┌──

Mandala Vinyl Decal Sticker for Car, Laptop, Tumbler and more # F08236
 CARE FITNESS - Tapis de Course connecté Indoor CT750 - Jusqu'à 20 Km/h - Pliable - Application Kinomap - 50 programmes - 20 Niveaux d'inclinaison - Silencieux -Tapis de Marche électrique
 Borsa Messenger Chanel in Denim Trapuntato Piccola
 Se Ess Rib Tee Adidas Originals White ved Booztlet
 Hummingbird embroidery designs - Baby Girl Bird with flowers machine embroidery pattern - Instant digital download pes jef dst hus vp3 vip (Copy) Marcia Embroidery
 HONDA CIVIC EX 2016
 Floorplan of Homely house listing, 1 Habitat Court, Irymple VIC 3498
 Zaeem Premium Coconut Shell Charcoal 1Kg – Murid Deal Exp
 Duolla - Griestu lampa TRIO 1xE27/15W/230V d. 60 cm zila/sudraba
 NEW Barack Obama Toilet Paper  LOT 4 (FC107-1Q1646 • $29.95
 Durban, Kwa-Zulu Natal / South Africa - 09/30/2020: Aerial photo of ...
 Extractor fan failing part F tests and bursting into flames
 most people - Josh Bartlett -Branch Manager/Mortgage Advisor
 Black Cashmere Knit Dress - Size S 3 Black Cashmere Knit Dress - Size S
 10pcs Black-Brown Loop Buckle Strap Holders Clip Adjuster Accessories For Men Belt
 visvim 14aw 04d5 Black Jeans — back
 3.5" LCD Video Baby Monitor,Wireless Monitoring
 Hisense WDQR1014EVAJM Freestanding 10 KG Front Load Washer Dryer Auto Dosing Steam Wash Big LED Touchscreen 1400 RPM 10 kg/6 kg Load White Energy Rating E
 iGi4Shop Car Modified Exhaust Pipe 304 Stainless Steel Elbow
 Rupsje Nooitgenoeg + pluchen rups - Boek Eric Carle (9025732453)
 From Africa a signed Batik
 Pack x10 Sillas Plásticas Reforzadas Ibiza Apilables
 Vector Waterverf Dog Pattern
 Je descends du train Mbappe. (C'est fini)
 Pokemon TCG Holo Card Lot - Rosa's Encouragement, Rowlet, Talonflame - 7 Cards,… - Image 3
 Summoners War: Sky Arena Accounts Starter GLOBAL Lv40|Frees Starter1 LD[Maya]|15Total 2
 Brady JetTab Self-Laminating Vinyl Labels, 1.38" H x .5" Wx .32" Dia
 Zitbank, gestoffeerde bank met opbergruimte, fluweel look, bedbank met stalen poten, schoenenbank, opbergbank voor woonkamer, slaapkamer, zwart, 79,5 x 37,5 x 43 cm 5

└──

Work to be completed = In the entries above, identify every line with the word "Baby". Copy those lines.

Written answer =
 Hummingbird embroidery designs - Baby Girl Bird with flowers machine embroidery pattern - Instant digital download pes jef dst hus vp3 vip (Copy) Marcia Embroidery
 3.5" LCD Video Baby Monitor,Wireless Monitoring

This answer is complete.